To help you find those less common parts, the author has included a list of the “10 Most Useful Bricks” at the back of the book.  There are also two building tips, including SNOTS (Studs Not On Top), which I wouldn’t have understood from the description here. 

Next come two pages with a beautiful collection of parts to give you an idea of the colors available to you in the world of LEGO along with a note that you can buy individual bricks on BrickLink and BrickOwl as well as LEGO.com. 

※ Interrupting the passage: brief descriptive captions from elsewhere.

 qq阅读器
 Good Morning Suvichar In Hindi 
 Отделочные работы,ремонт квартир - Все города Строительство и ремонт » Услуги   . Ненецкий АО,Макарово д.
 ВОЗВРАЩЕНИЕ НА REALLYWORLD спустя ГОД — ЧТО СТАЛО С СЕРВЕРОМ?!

A nice bonus online would’ve been a sheet with all the parts you need for the book along with their part numbers for easier searching.

Scale

With the exception of the guillotine, the streetlight, and the coffee machine, the builds are not at a scale that would work with minifigures.  So if I used them, it would have to be as giant sculptures or something of that nature.  Maybe they could be blurred to add interest in the foreground or background. 

The micro-scale build of the Sacré-Coeur could be used to represent buildings in the far distance. 

Paris Wide for LEGO

The Travel Guide Part

This Brick City guide is written in a light, fun tone.  The target age group is 9 to 12. 

The book promises “fascinating facts and amazing stories,” and it does indeed provide fun, bite-sized information about Paris.  For example, I didn’t know that children used popular toy guillotines to chop off the heads of dolls and live rats!  I’m thinking this would’ve been in the 1790s in Paris.  Yikes!

The other facts aren’t disturbing.  Warren Elsmore describes the aspects of Paris from Middles Ages to the present, from cathedrals to the subway, from artists to the Eiffel Tower, cheese shops to desserts.  Not to mention perfume and cafés, shopping and poodles.

After the guillotine section, I enjoyed the Moulin Rouge one the most.  Three dancing ladies are recreated in LEGO bricks, and you learn that “can-can” means “scandal.”

This isn’t a practical guide in the sense that you won’t find information like addresses, websites, and hours of operation.

The Instagram video below was a Halloween video, but I made specifically to have an excuse to use the LEGO coffee maker build from the Brick City – Paris book!

In Conclusion

“Brick City – Paris” is fun, an unexpected hybrid of travel guide and LEGO book with beautiful photos.  If you use it as intended—imagine that!—it can be a good way to introduce a LEGO-loving child to the city of Paris, giving the kid a glimpse into French culture and history.  The LEGO builds can enhance the experience or provide a distraction from the learning. 

For a filmmaker working on a LEGO stop motion animation, this book is less helpful, especially in the beginning stages of one’s brickfilming obsess—I mean hobby.  If you really want a guillotine, I’ve found a link for you with instructions by Zigmend on Imgur.